The library was established in Hamburg in 1909 and became a research institute in 1926, three years before Aby’s death at 65. In 1933 the Warburg was secretly evacuated to London and in 1944 it was signed over to the University of London in a deed of trust "to maintain and preserve the collection 'in perpetuity' as 'an independent unit'". The collection that came to London numbered about 10,000 images and is now about 450,000 with 350,000 books. In 1957 its own building was commissioned from Charles Holden, best known for designing Tube stations, which was only half completed.
The relationship with the university hasn’t always been smooth, though. In 2011 the UoL senate questioned the 1944 deed of trust and its obligation to the collection but after a fractious three years, which included some court action, differences were resolved and now they’re good to the extent that the university has contributed £9.5m to the redevelopment costs. The rest of the money has been raised from today's sale, trusts and individual donors, many of them based in Germany and especially Hamburg with which Sherman has been eager to strengthen connections.
The Renaissance plan devised by the architects Howarth Tompkins expands on the original mix of discovery, display and debate that Aby Warburg designed in his “library for kulturwissenschaft” - the science of culture.
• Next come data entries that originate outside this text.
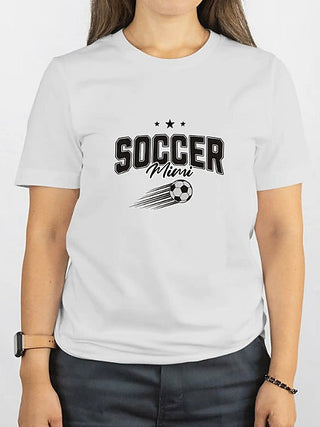 White cotton-blend short-sleeve graphic tee with “SOCCER Mimi” and soccer ball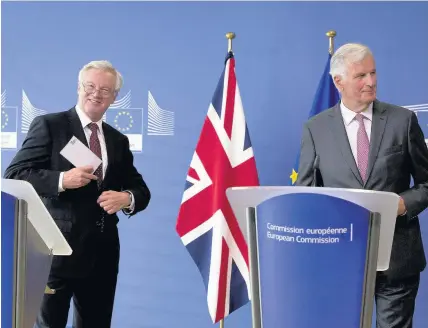  ??  ?? > European Union chief Brexit negotiator Michel Barnier, right, and British Secretary of State David Davis were discussing Britain’s exit from the EU this week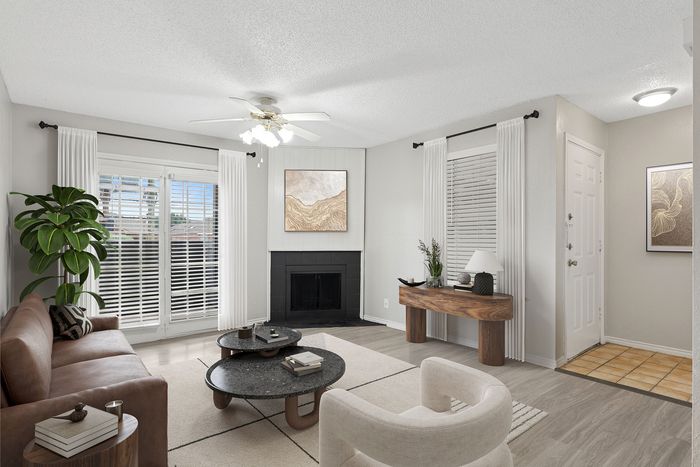 Elegant living room with modern decor, featuring a cozy fireplace, stylish furniture, and abundant natural light through large windows.
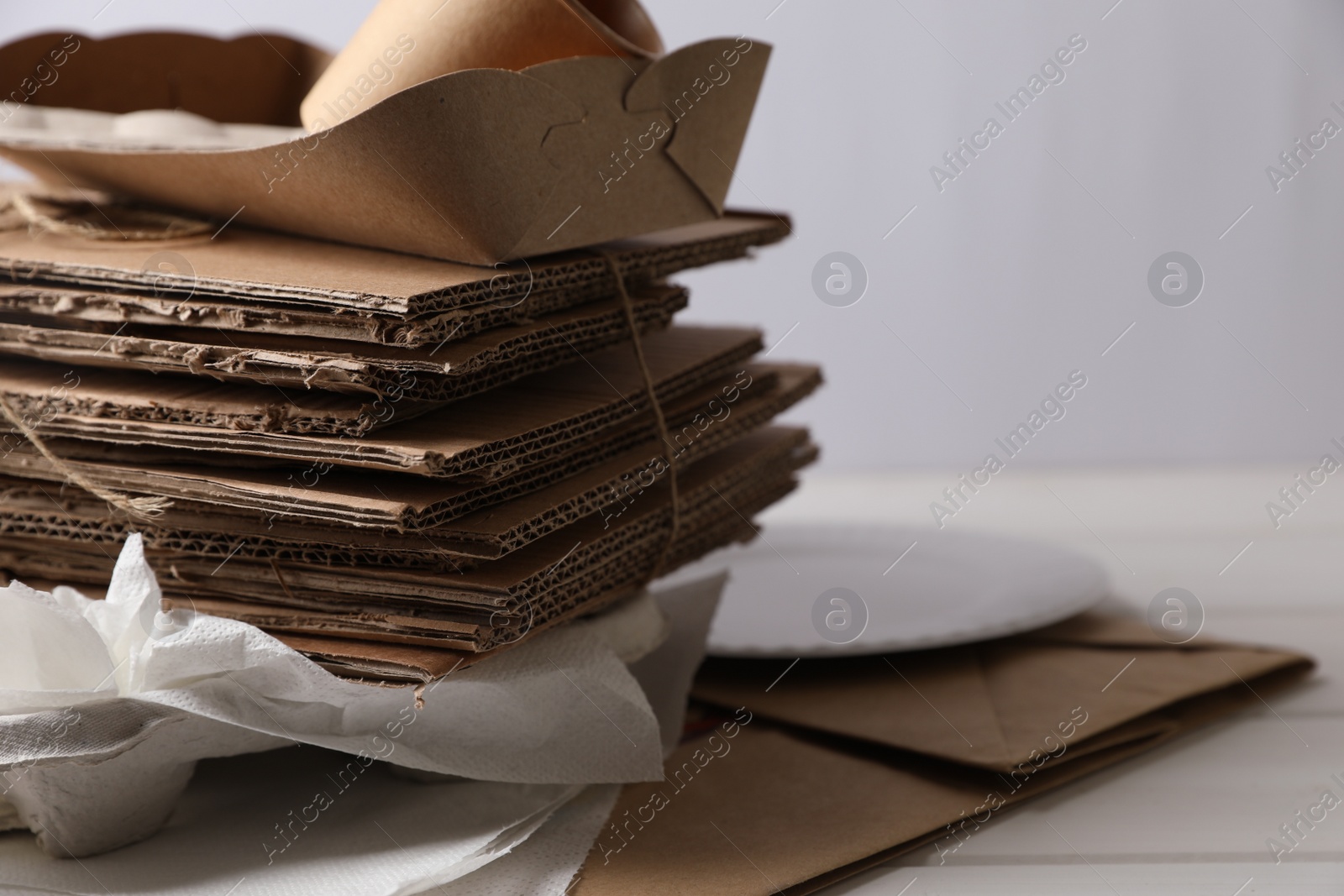 Photo of Heap of waste paper on white wooden table, closeup. Space for text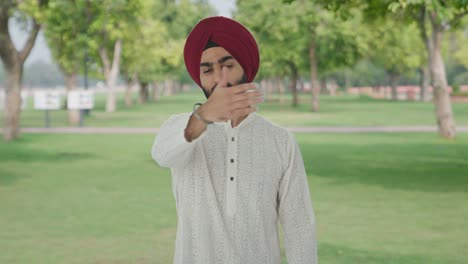 Angry-Sikh-Indian-man-stopping-someone-in-park
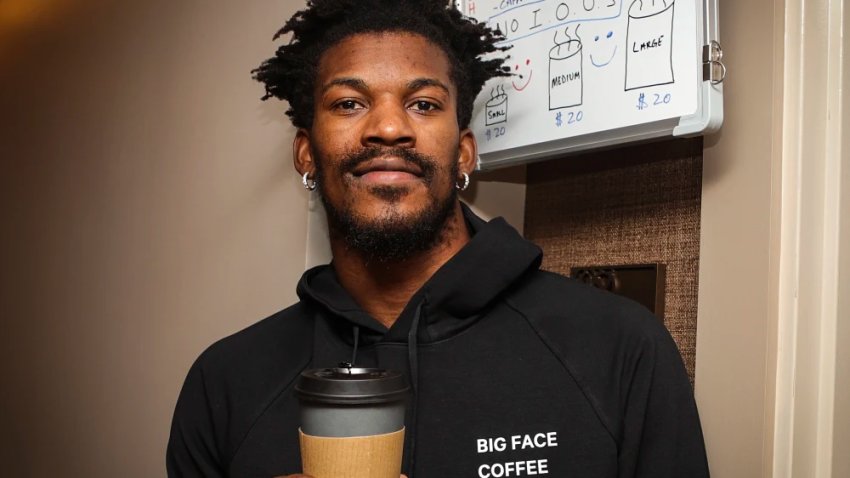 Jimmy Butler outside the door to “Big Face Coffee”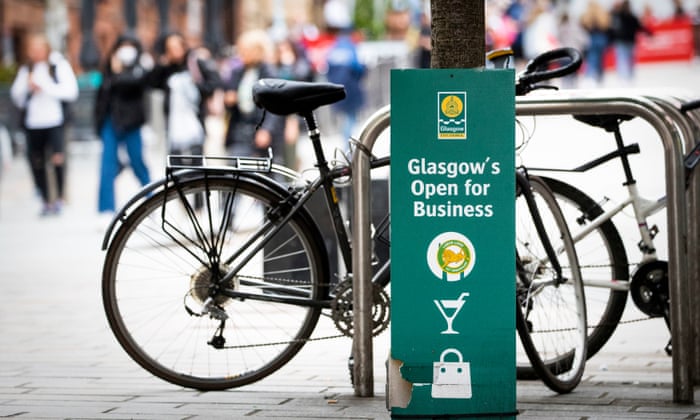 A sign reads ‘Glasgow’s Open for Business’ in Glasgow city centre on 28 May.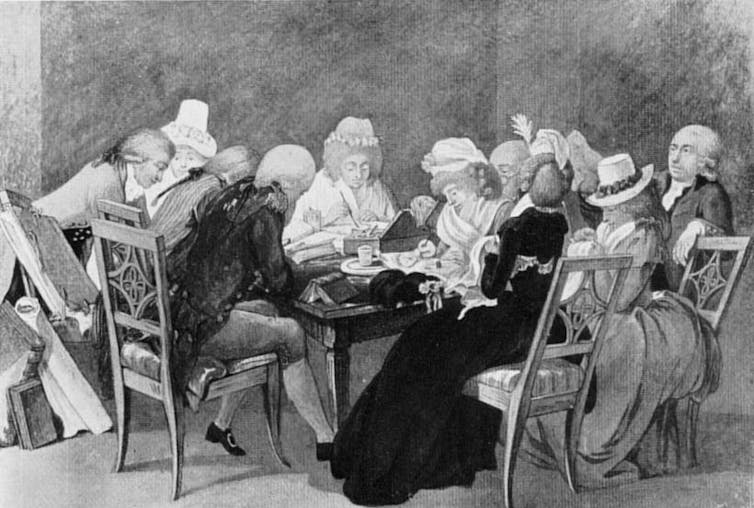 People sitting around a table in discussion.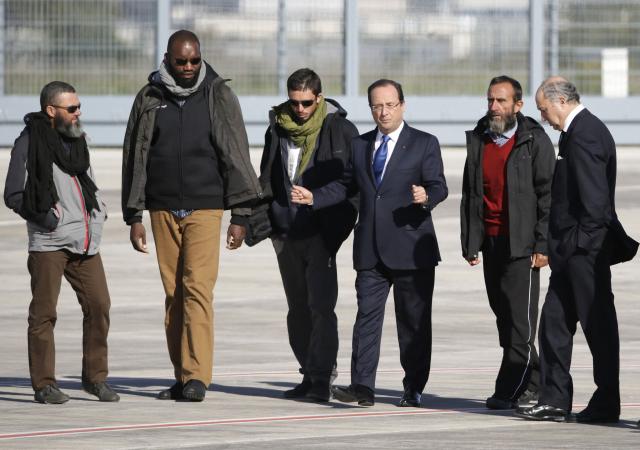 (FILES) French president Francois Hollande (3ndR) flanked by former French hostages (LtoR) Marc Feret, Thierry Dol, Pierre Legrand and Daniel Larribe, and Foreign Minister Laurent Fabius, walks on the tarmac prior to deliver a speech upon the hostages' arrival at the military airport of Villacoublay outside Paris, on October 30, 2013. Four French hostages who were kidnapped by Al-Qaeda in the Islamic Maghreb in northern Niger in 2010 have been released on October 29. Frenchmen , Daniel Larribe,and were working for French nuclear giant Areva when they were kidnapped on September 16, 2010, from a uranium compound in Arlit, north-central Niger. AFP PHOTO / KENZO TRIBOUILLARD. Parisian investigating judges have referred nuclear giant Areva (now Orano) to trial for unintentional injury, suspected of being partly responsible for the 2010 kidnapping of five French citizens by Al-Qaeda near the Arlit uranium mine in Niger, AFP learned from sources close to the case on October 19, 2025. (Photo by Kenzo TRIBOUILLARD / AFP)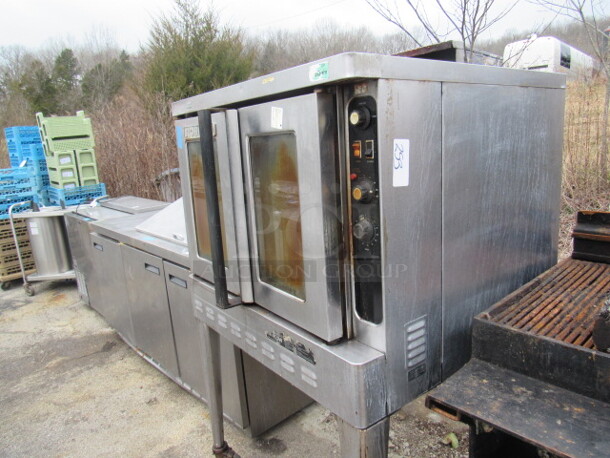 One Blodgett Natural Gas Full Size Convection Oven, With 4 Racks, On Casters. #04046R70075. 38X40X62 - Image 2 of 3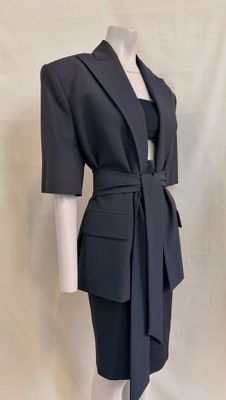 an image of a woman ' s dress and jacket on a mannequin mannequin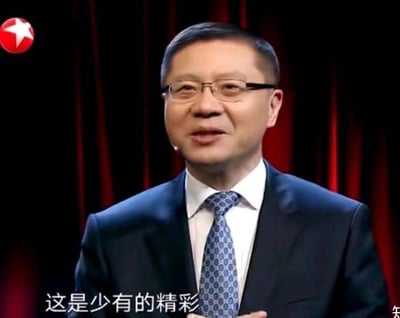 这是一张东方卫视政论节目《这就是中国》的视频截图，画面主体是学者张维为，他身着深色西装、白色衬衫，搭配蓝色花纹领带，戴着眼镜，面带微笑，正处于发言状态，似乎在对某事物给出正面评价。画面底部配有白色字幕‘这是少有的精彩’，背景是暗红色的幕布，左上角有东方卫视的红色五角星台标，整体构图清晰，是典型的节目录制场景。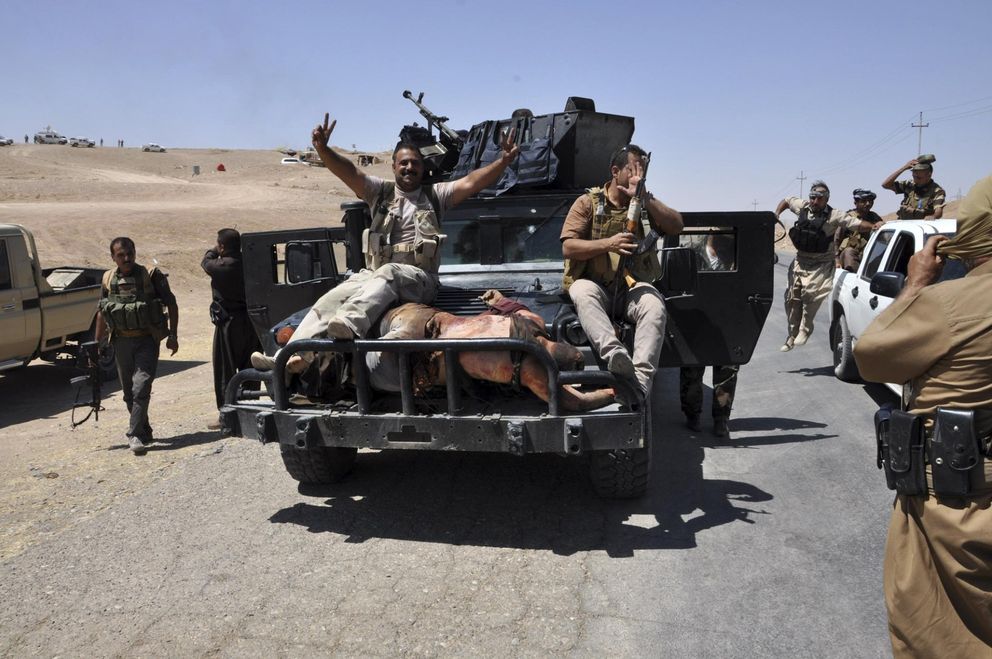 Combatientes kurdos con el cadáver de un yihadista muerto en combates en Yalawla (Reuters).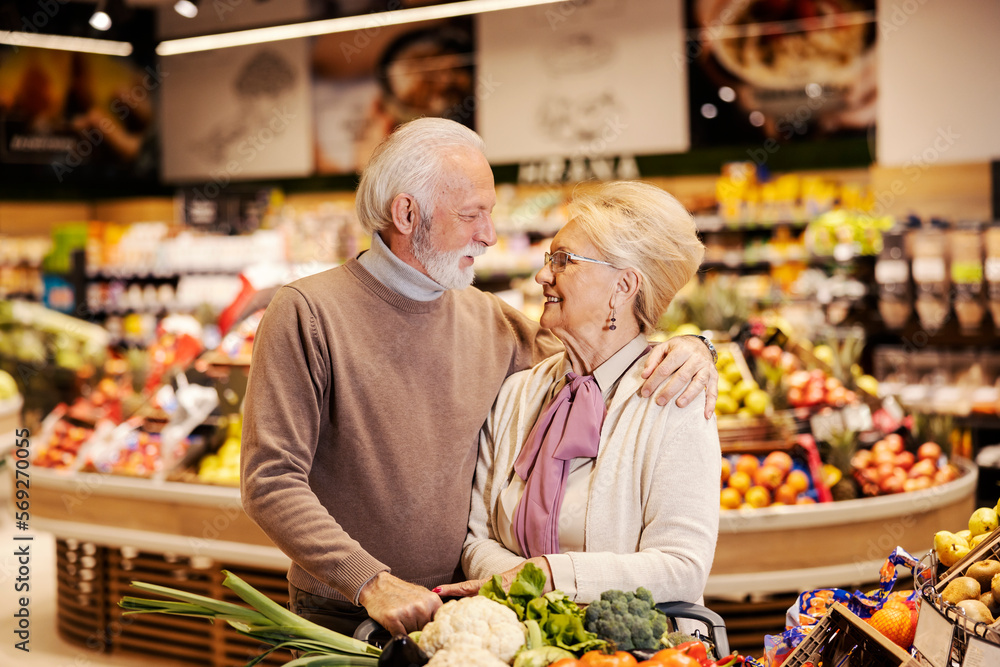 A happy senior couple is hugging at the supermarket while shopping. A happy senior couple is hugging at the supermarket while shopping.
There will be a welcoming new entrance, new public spaces, including a gallery and digital lab, a café, and an enlarged lecture hall in the central courtyard, which should all be complete in spring 2024.
The central courtyard would be for studying archives but also for conversations with curators, artists and scholars, Aby Warburg's reading salon that was never replicated in its new location until now. It will be, says Sherman, for scholars from other institutions to study archives but also for discussion of ideas, experimental themes, cultural controversy because, Sherman says, it tends not to happen in the institutions themselves.
And what the proceeds of today’s auction will specifically be for is the art gallery. “It really strikes me as strange” says Sherman “that while we have an MA course in curatorship the Warburg has never felt the need to carve out space for a gallery”.
The prospect for exhibitions in this unique place is exquisite: displays of Warburg-related material, such as the tarot cards and related materials of the arch Satanist Aleister Crowley (which live at the Warburg); displays marking the 75th anniversary in 2025 of former Warburg director Ernst Gombrich’s The Story of Art, a bible for every art history student; Elizabeth David’s A Book of Mediterranean Food (both of which have connections with the institute); research and display projects of Warburg’s specialist students; the work of the artists-in-residence that will be part of the Warburg Renaissance; collaborations with other museums (for instance Gerhard Richter’s Atlas at Serpentine and Aby’s Bilderatlas at the Warburg); experimental projects on new kinds of digital curation.
And it’s important because Aby and his Bilderatlas were about understanding ourselves through history and how we have visualised it in order to steer a way to a satisfactory future. Exactly what, at this junction of war, pestilence, climate change and rising social schism, we need.